* **Exercise goal**: Down to the last line, repeat the entries exactly and drop any image.

* **Stored data**:
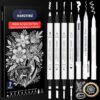 HANGYING 7Pcs White Pens Set, Dual-Tip Acrylic Paint Pens Opaque Ink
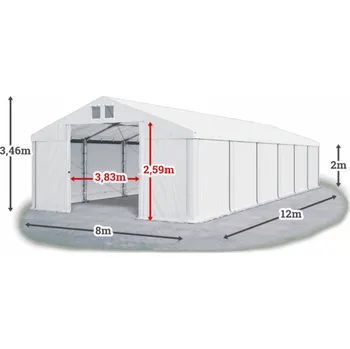 Zahradní stan Skladový stan 8x12x2m střecha PVC 560g/m2 boky PVC 500g/m2 konstrukce ZIMA PLUS Bílá Bílá Bílá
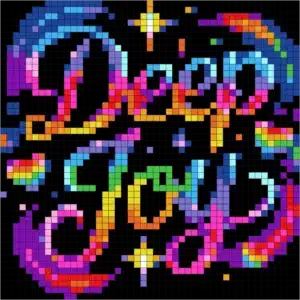 Neon Words Mystery Mosaic color by number Deep Joy pixel art design for adults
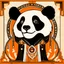 Placeholder: stylized panda queen in the style of tarot and art deco, orange and black colours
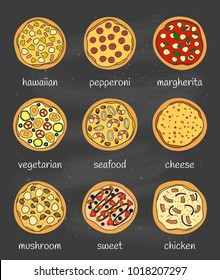 Set of different doodle colored pizza isolated on chalkboard background with names.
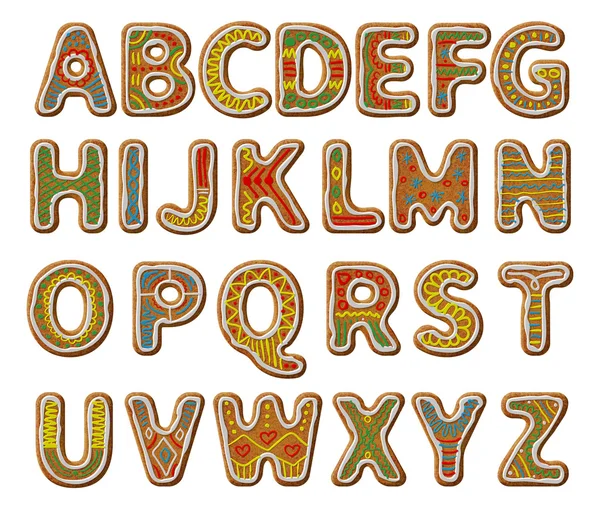 Gingerbread alphabet with glaze — Stock Vector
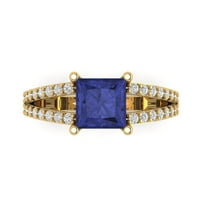Solitaire with Accents Engagement Ring for Women - 2.48ct Simulated Tanzanite in 18K Yellow Gold Promise Ring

* **Completed exercise**:
 HANGYING 7Pcs White Pens Set, Dual-Tip Acrylic Paint Pens Opaque Ink
 Zahradní stan Skladový stan 8x12x2m střecha PVC 560g/m2 boky PVC 500g/m2 konstrukce ZIMA PLUS Bílá Bílá Bílá
 Neon Words Mystery Mosaic color by number Deep Joy pixel art design for adults
 Placeholder: stylized panda queen in the style of tarot and art deco, orange and black colours
 Set of different doodle colored pizza isolated on chalkboard background with names.
 Gingerbread alphabet with glaze — Stock Vector
Solitaire with Accents Engagement Ring for Women - 2.48ct Simulated Tanzanite in 18K Yellow Gold Promise Ring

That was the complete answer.